_Problem details_: Without the pictures, write out every entry that follows exactly.

┌──

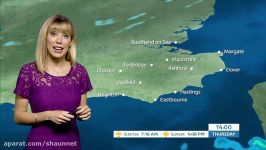 Holly Green  ITV Meridian Weather 15Nov2017 HD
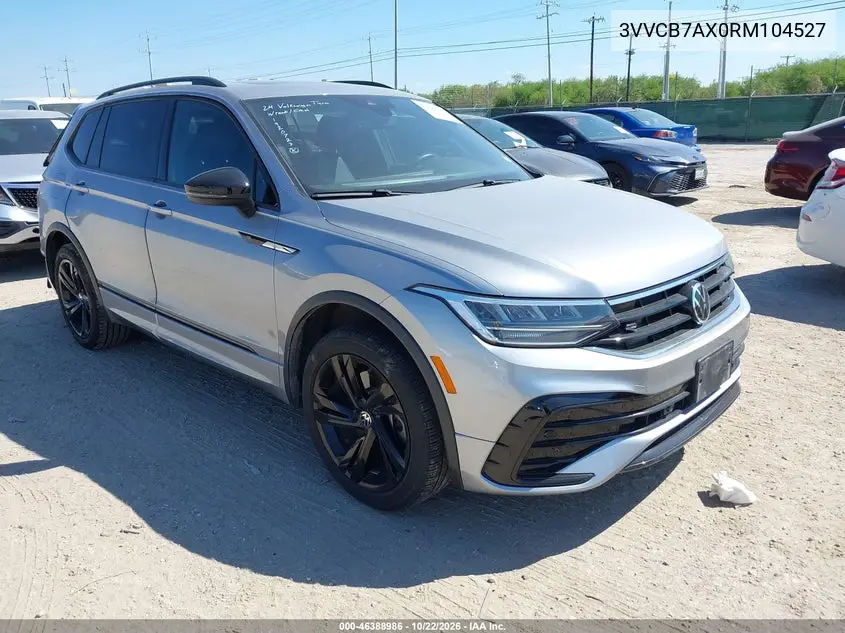 VOLKSWAGEN TIGUAN 2024, VIN 3VVCB7AX0RM104527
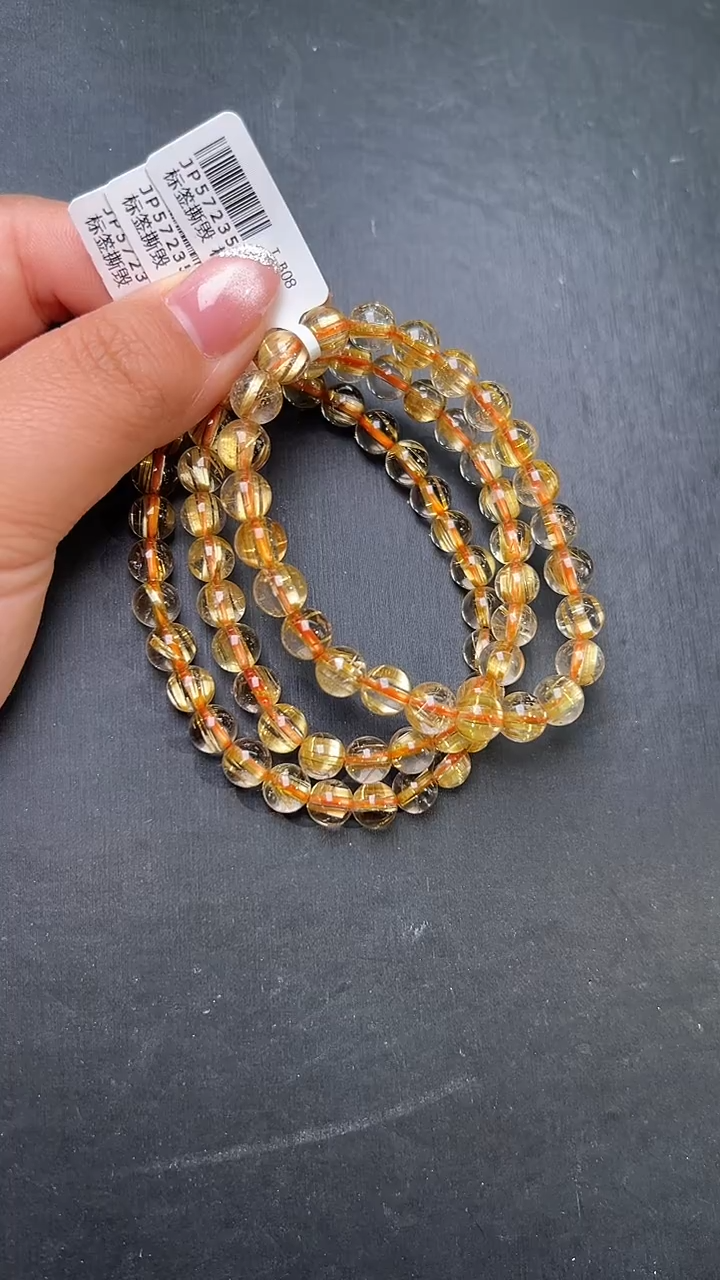 未镶嵌手串水晶钛晶手串7mm+ JP57235 多样性发一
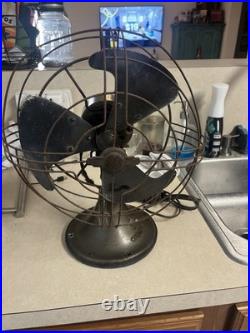 Vintage General Electric Fan GE Vortalex Oscillating Tested And Works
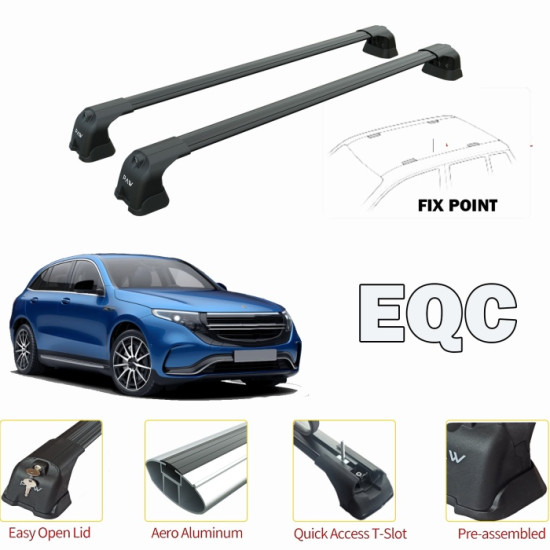 Багажник за Mercedes EQC 5d (standard roof) (N293 - 2019-->) AERO BAR BLACK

└──

_Output of the task_:
 Holly Green  ITV Meridian Weather 15Nov2017 HD
 VOLKSWAGEN TIGUAN 2024, VIN 3VVCB7AX0RM104527
 未镶嵌手串水晶钛晶手串7mm+ JP57235 多样性发一
 Vintage General Electric Fan GE Vortalex Oscillating Tested And Works
 Багажник за Mercedes EQC 5d (standard roof) (N293 - 2019-->) AERO BAR BLACK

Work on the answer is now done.